6. Actions are open to criticism only so far as they are taken to be done as means to some end. It is not imputed as a fault to any one, if he fails in effecting that for which his work is not intended. A physician is found fault with if he fails in healing, but not a builder or a grammarian. We find fault in points of art, as when a grammarian does not speak correctly; and also in points of nature, as in monstrous births. Therefore both the natural agent, and the agent who acts according to art and with a conscious purpose, acts for an end.

7. To an agent that did not tend to any definite effect, all effects would be indifferent. But what is indifferent to many things, does not do one of them rather than another: hence from an agent open to both sides of an alternative (a contingente ad utrumque) there does not follow any effect, unless by some means it comes to be determined to one above the rest: otherwise it could not act at all. Every agent therefore tends to some definite effect, and that is called its end.
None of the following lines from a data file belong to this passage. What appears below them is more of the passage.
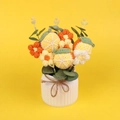 Close-up of hand-knitted lemon and floral bonsai with ceramic vase and jute bow decoration - Orange Style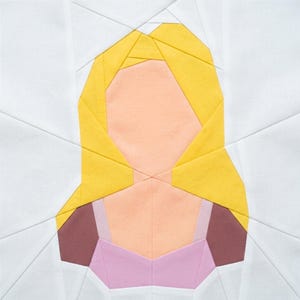 May include: A fabric quilt block featuring a geometric design of a person's face. The hair is yellow, the face is peach, and the clothing is pink and brown. The background is white, and the block is square.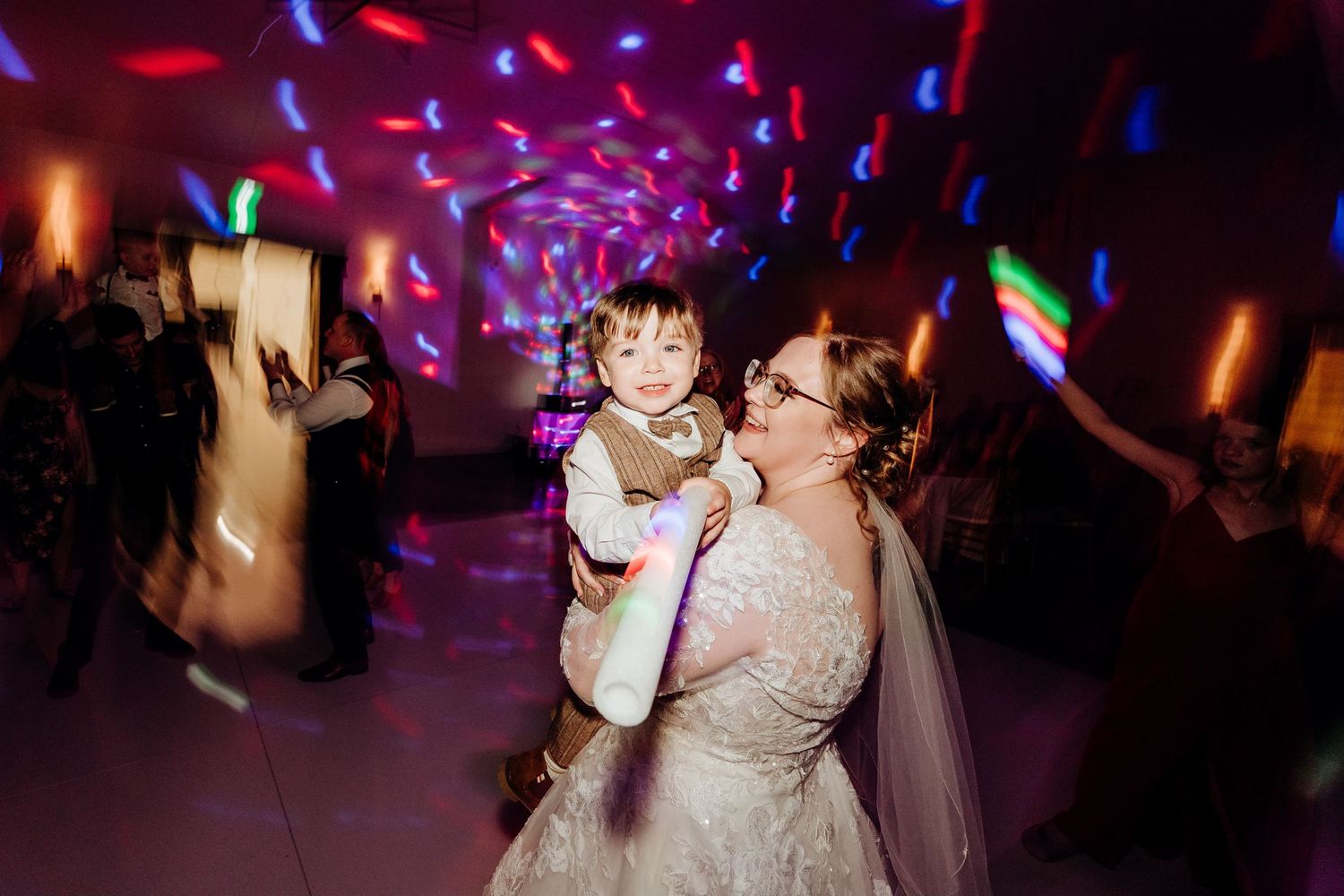 Wedding reception dance floor illuminated with vibrant purple and blue lighting.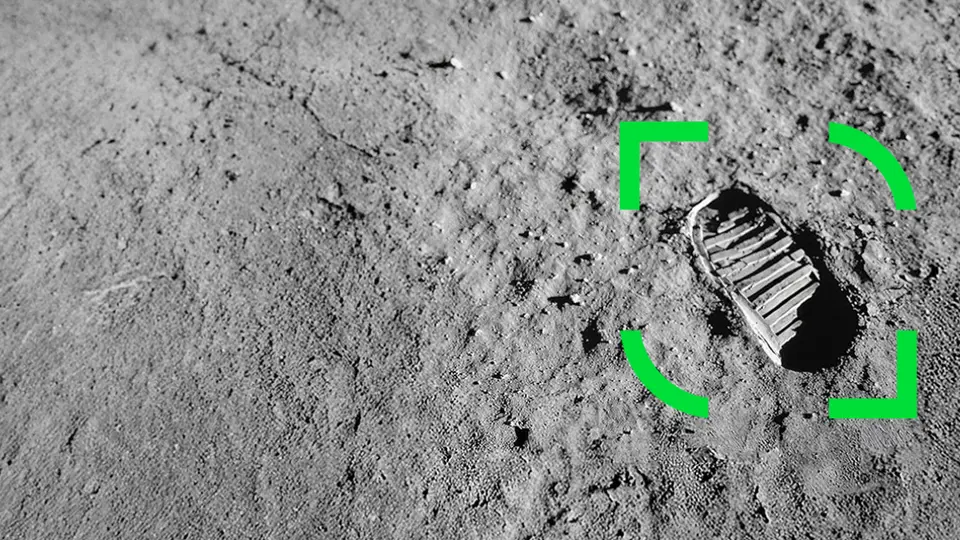 Fotavtryck i månens yta med ett grönt markeringsfokus runt avtrycket, omgiven av grå, kornig terräng.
Still there are actions that do not seem to be for any end, as things done for sport, and acts of contemplation, and things done without advertence, as the stroking of the beard and the like: from which instances one may suppose that there is such a thing as an agent acting not for any end. But we must observe that though acts of contempation are not for any other end, they are an end in themselves: as for things done in sport, sometimes they are their own end, as when one plays solely for the amusement that he finds in play; sometimes they are for an end, as when we play that afterwards we may resume work more vigorously: while things done without advertence may proceed not from the understanding, but from some phantasy or physical principle; yet even these acts tend to certain ends, though beyond the scope of the intellect of the agent.

Hereby is banished the error of certain ancient natural philosophers (Empedocles and Democritus, mentioned in Aristotle, Physics II, ii, 6) who supposed all things to happen by necessity of matter, and eliminated final causes from the universe.